Martyn Hole, Equity Investment Director at Capital Group. Photo: CG.
Martyn Hole Capital Group.jpg

Semiconductors everywhere you look, the end of cash, the development of digital entertainment utilities and technology-driven warp speed healthcare innovation will be some of the trends, already visible today, that will define our lives in 2030, according to a long-term lookahead presentation by Capital Group. The overall message in was that yes, the world has changed, but there will still be plenty of opportunity, much of it related to technological development.

Martyn Hole,  an eloquent and very personable British investment director with the Capital Group, told his audience of about 60 investment clients  that semiconductors – of which we’re hearing about shortages today - will soon, once production and shipping hiccups are cleared up, be everywhere – and in everything. One of the major growth areas for their usage will be in cybersecurity. Hole explained that a major company like Boeing, serving civilian and military aerospace, “see cybersecurity as a massive business.”

Hole was speaking at Tuesday’s Capital Group event in Luxembourg with the topic “How will the world look like in 2030?”

There will be a “tremendous growth in the number of chips in cars”, driven by driving automation elements like power steering systems, or sensors for things like ice on the road, he said. A typical internal combustion engine car has about 1,000 chips in it, while the typical electric car contains 3,000 chips, he explained.

What will really increase the demand for chips, Hole said, would be the arrival of autonomous vehicles on the market. While Capital Group estimates that the average car will have 690 US dollars of semiconductors in it in 2025, consulting firm McKinsey has said driverless cars will contain 350 US dollars more in chips, while and semiconductor manufacturer Infineon has estimated $600 more.

Covid messed up industry supply

Hole said that recent chip shortages for car manufactured were caused by their decision during the early phase of Covid to cancel “a whole load” of orders from chip suppliers when new car orders dipped. These suppliers then realised they had a replacement market: demand for computers and printers and other home IT technology was surging as so many people were working from home. 

“Then when demand started picking up again, the car companies went back cap in hand, can we get those orders again, [only to be told] ‘sorry, we’re sold out’”, Hole explained. And he added that it’s believed that this will have cost the car industry over 200 billion US dollars of lost sales.

Tesla was much less affected by the chip shortage than other firms, Hole explained. This is because instead of using specialised chips for each function, it uses “basic, generic” chips that are run by Tesla-designed software that gets them to do their job. 

Hole next moved to discuss developments in digital payments area, which is driven by rapid growth in internet data traffic with itself is rising along with digital trade. Hole said the average growth in internet traffic over the past 13 years has been about 45% per year.

Asia dominating in digital payments

Digital payments have grown worldwide, with some regions pushing further ahead than others.

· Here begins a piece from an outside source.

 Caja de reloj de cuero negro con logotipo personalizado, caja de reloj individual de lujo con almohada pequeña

Hole pointed to Asia’s 25% growth rate, compared to Europe’s 10%, with the US in the mid-single digits. 

Hole highlighted an Indian bank called Kotak Mahindra that operates a digital banking system that allows anyone, even an illiterate Indian farmer, to set up a bank account in five minutes. Hole says he sees an “absolutely enormous” growth potential in the bank. 

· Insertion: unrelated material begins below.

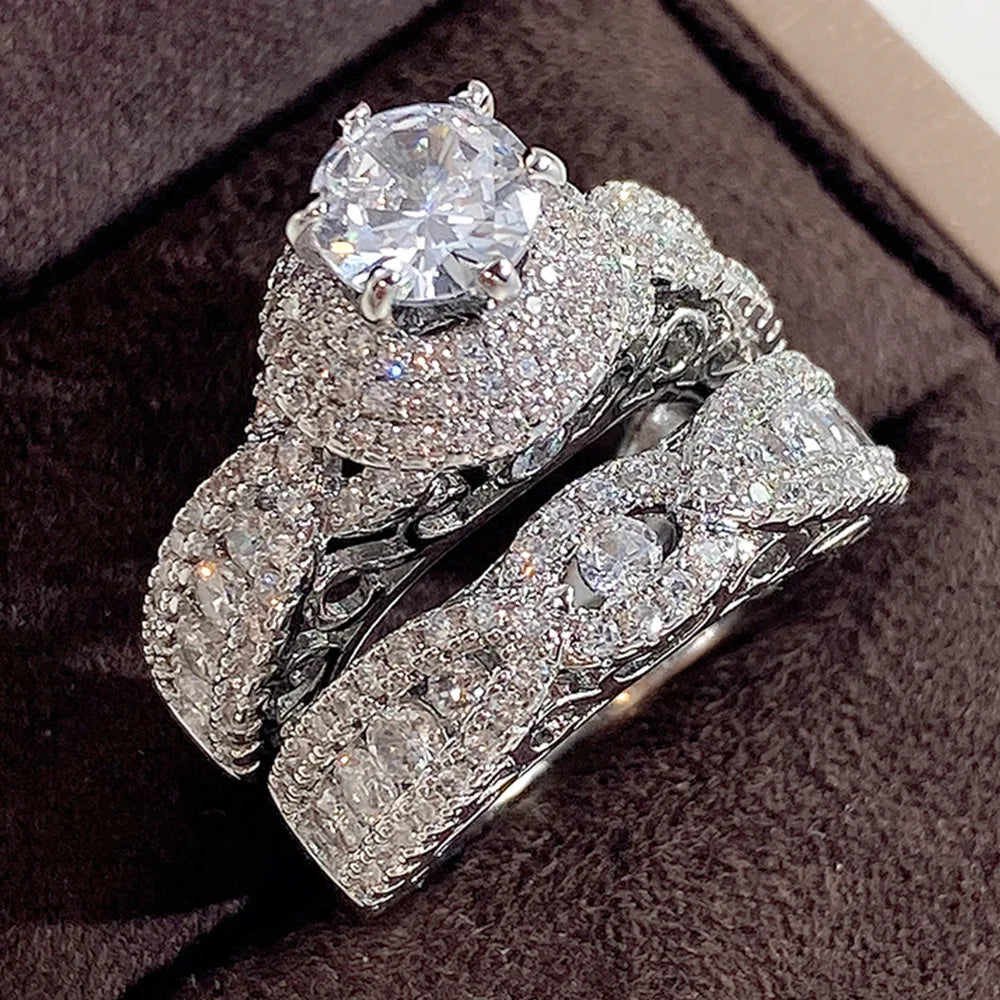 Huitan Set Lady Rings Luxury Wedding Engagement Party Finger Accessories Inlaid Shining Cubic Zirconia Graceful Fashion Jewelry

Hole discussed Paypal’s domination of the Asian digital payments market. However, he explained Paypal does not dominate in Japan, South Korea and China, where the government has restricted access for US firms, opening up opportunities for more local firms.

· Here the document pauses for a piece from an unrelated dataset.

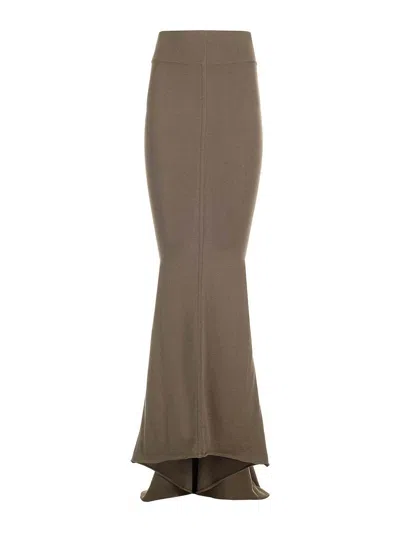 RICK OWENS TAUPE KNIT MIDI SKIRT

Netflix’s top-quality content

How we consume our entertainment was Hole’s next area of focus. He said that the adoption of home-consumed digital entertainment has really accelerated during Covid. Now, with the end of Covid, Netflix is facing lower new subscription rates and possible large existing subscriber losses. However, Hole doubts those loss estimates and still sees value in the streaming companies like Apple, Amazon and Disney. “The amount of money they’re now spending on new, original content is huge, absolutely huge.” With the Entertainment Software Association (ESA) estimating about $55 billion on such production for this year, with Netflix behind 30% of it. “So Netflix are twice as big as anybody else.”

Health care innovation is also ramping up quickly, with remote monitoring devices generating a 29% annual growth in revenue. Hole explained that Capital is more interested in equipment supply companies in the health sector than traditional pharmaceutical companies. All the increasing spending on R&D, especially in China, might even put a cure for at least some forms of cancer within reach, he said. He described how Chinese medical researchers are increasingly returning to their home country instead of staying to work in the US.